[[ PROVIDED DATA open ]]

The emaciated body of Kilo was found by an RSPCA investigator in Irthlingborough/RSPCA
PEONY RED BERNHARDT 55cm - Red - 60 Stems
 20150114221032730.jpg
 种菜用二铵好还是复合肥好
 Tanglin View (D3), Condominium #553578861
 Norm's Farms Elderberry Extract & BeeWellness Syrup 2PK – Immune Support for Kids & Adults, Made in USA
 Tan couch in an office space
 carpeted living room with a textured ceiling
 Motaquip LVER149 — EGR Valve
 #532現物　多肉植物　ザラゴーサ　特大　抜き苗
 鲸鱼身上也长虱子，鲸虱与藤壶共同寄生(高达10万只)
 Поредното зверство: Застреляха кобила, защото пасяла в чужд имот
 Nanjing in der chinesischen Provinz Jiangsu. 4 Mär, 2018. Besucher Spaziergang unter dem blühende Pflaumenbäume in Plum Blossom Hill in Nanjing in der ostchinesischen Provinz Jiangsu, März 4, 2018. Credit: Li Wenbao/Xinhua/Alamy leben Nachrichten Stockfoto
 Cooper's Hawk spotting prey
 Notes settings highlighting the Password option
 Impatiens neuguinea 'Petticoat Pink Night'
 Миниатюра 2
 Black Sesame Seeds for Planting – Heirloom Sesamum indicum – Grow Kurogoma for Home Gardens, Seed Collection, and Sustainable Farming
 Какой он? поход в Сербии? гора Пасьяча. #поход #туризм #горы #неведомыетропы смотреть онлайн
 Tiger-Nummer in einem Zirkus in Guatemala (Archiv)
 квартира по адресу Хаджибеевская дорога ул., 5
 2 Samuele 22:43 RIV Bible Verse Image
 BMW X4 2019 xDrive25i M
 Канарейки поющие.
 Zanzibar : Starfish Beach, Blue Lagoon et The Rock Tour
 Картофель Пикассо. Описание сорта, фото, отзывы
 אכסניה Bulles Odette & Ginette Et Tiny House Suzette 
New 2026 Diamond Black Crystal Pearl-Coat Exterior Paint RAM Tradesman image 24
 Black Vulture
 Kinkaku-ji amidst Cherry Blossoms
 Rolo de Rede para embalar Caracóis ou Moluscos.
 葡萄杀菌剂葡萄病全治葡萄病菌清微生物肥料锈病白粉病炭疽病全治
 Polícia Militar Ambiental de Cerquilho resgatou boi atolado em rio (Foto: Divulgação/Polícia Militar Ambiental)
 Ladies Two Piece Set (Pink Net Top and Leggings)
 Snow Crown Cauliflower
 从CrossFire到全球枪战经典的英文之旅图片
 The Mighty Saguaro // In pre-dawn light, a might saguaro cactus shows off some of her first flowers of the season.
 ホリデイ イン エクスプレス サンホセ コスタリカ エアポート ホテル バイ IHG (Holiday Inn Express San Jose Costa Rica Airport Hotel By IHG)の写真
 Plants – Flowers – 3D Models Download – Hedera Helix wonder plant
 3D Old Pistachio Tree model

[[ PROVIDED DATA closed ]]

TASK OBJECTIVE:
Give back only the lines from the one containing "2 Samuele 22:43 RIV Bible Verse Image" through the final line of the entries above, exactly as written, both included.

YOUR SOLUTION:
 2 Samuele 22:43 RIV Bible Verse Image
 BMW X4 2019 xDrive25i M
 Канарейки поющие.
 Zanzibar : Starfish Beach, Blue Lagoon et The Rock Tour
 Картофель Пикассо. Описание сорта, фото, отзывы
 אכסניה Bulles Odette & Ginette Et Tiny House Suzette 
New 2026 Diamond Black Crystal Pearl-Coat Exterior Paint RAM Tradesman image 24
 Black Vulture
 Kinkaku-ji amidst Cherry Blossoms
 Rolo de Rede para embalar Caracóis ou Moluscos.
 葡萄杀菌剂葡萄病全治葡萄病菌清微生物肥料锈病白粉病炭疽病全治
 Polícia Militar Ambiental de Cerquilho resgatou boi atolado em rio (Foto: Divulgação/Polícia Militar Ambiental)
 Ladies Two Piece Set (Pink Net Top and Leggings)
 Snow Crown Cauliflower
 从CrossFire到全球枪战经典的英文之旅图片
 The Mighty Saguaro // In pre-dawn light, a might saguaro cactus shows off some of her first flowers of the season.
 ホリデイ イン エクスプレス サンホセ コスタリカ エアポート ホテル バイ IHG (Holiday Inn Express San Jose Costa Rica Airport Hotel By IHG)の写真
 Plants – Flowers – 3D Models Download – Hedera Helix wonder plant
 3D Old Pistachio Tree model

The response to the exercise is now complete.